Retype, with no pictures, each line from the one that holds "حتى لو إنك بعيد، مسجل حضورك" through the last line of the entries below, both included.
※ ※ ※
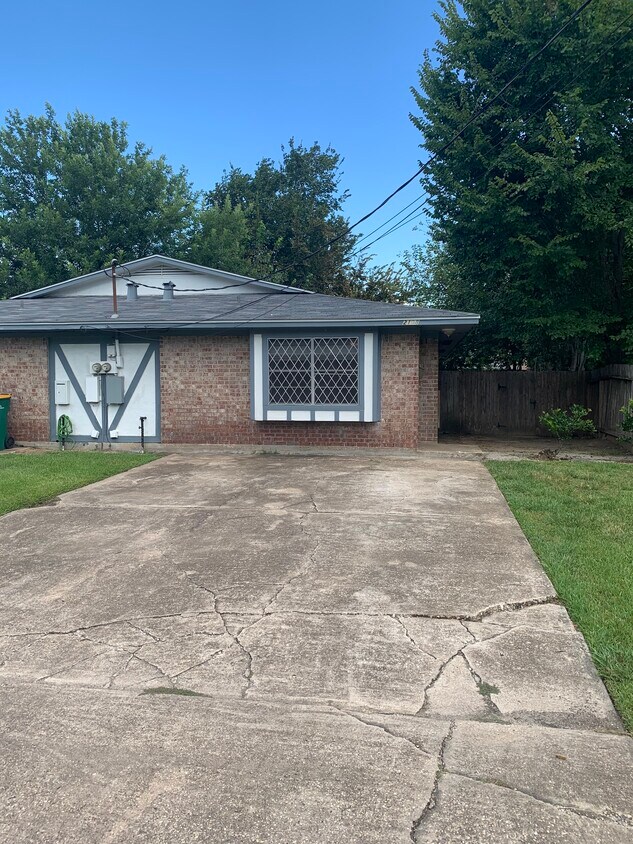 2108 N Austin Ave, Pearland, TX 77581 Townhome Rentals in Pearland TX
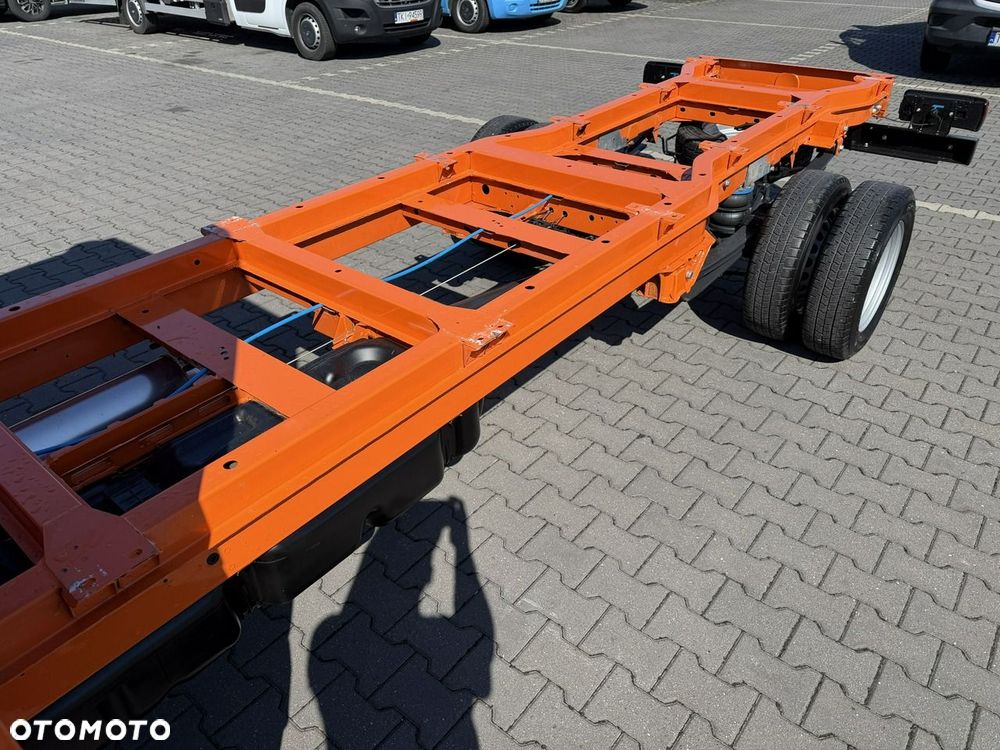 Mercedes-Benz Sprinter - 4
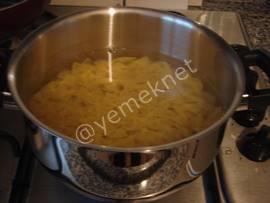 Peynirli Fırında Makarna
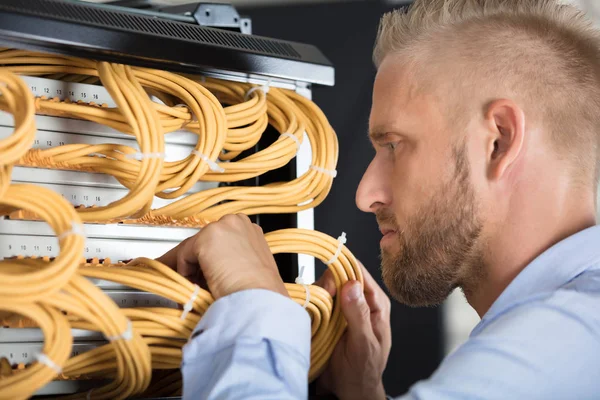 Técnico revisando los cables del servidor —  Fotos de Stock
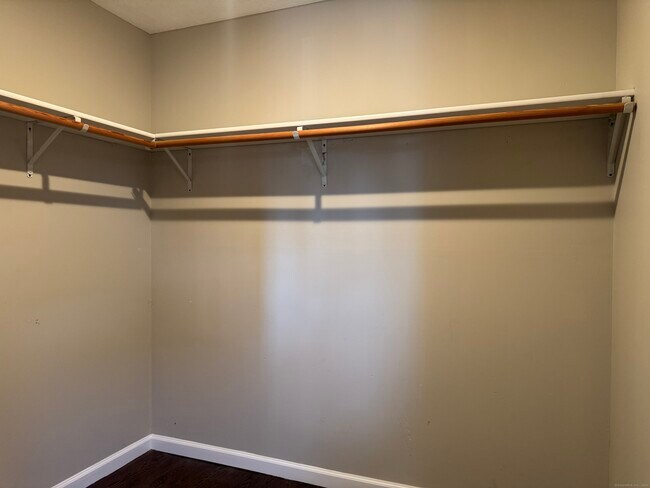 Building Photo - 466 Middletown Ave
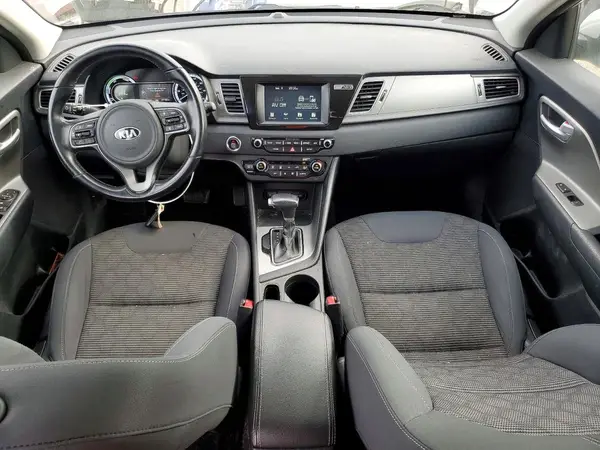KNDCB3LC4K5251592 2019 KIA NIRO - Image 8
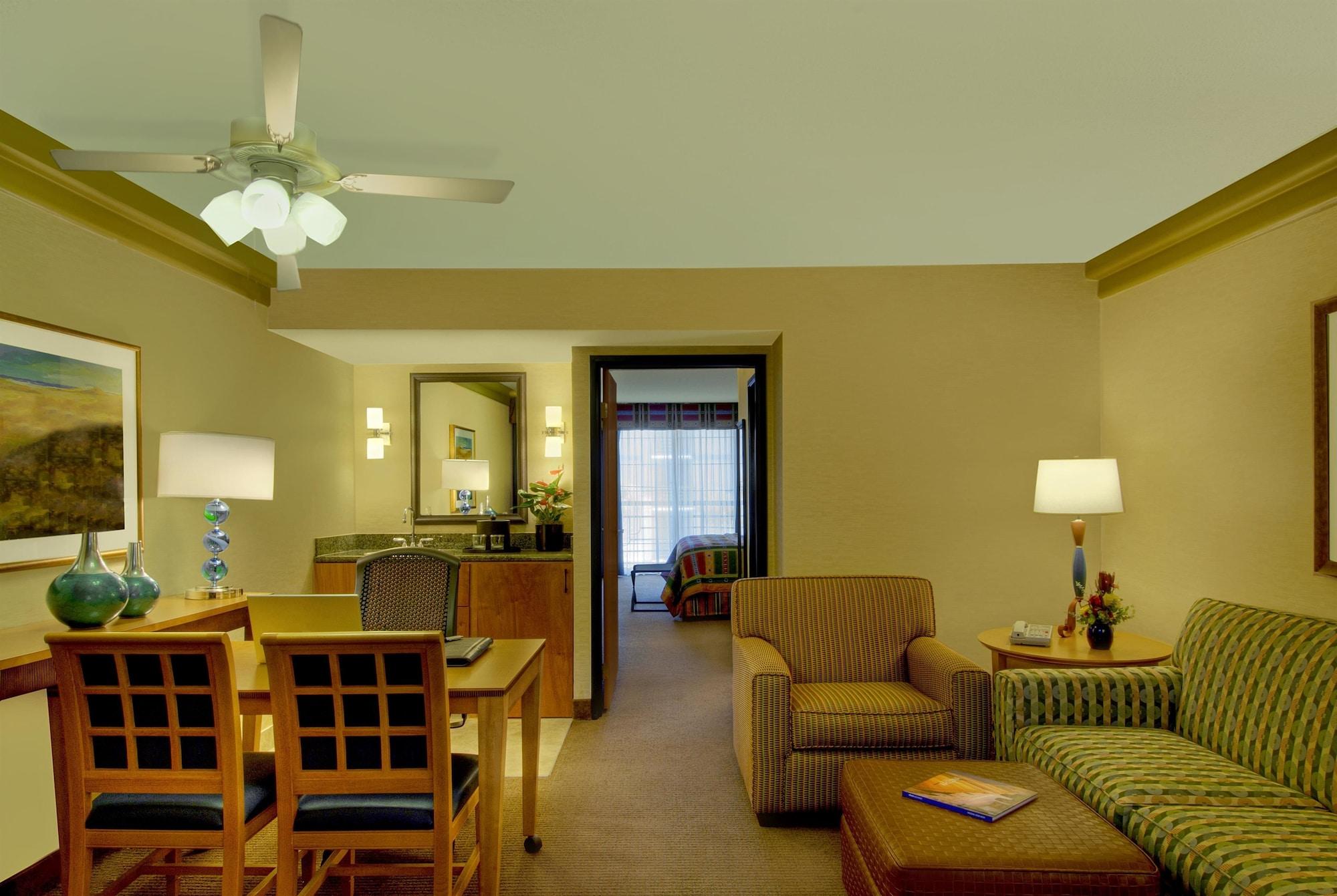 Embassy Suites By Hilton Phoenix Biltmore Екстериор снимка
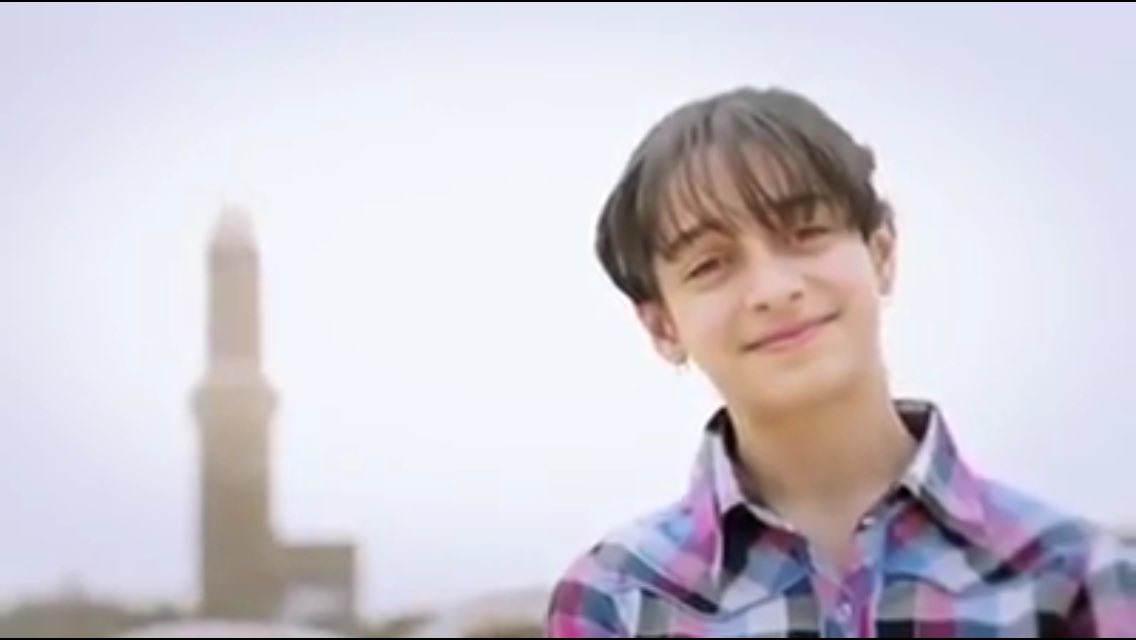 " مـا غـاب حبك، ولا طيفك، ولا ذكرك 
حتى لو إنك بعيد، مسجل حضورك 
إن زاد فيني الحنين، أرش من عطرك 
لو إنه مـا يشبهك، بس يشبه شعورك ..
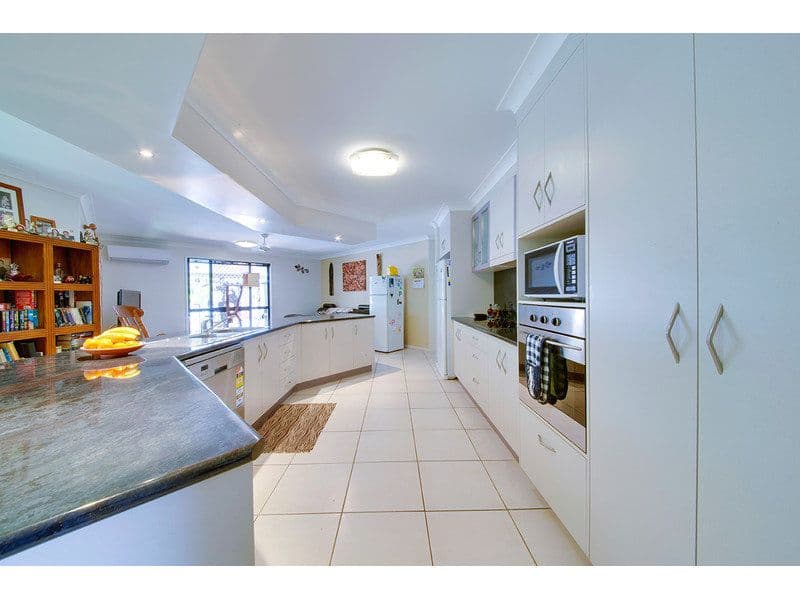 14 Kingfisher Drive, Yeppoon QLD 4703, Yeppoon - Thumbnail 2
※ ※ ※
#### [RESPONSE TO THE EXERCISE]
حتى لو إنك بعيد، مسجل حضورك 
إن زاد فيني الحنين، أرش من عطرك 
لو إنه مـا يشبهك، بس يشبه شعورك ..
 14 Kingfisher Drive, Yeppoon QLD 4703, Yeppoon - Thumbnail 2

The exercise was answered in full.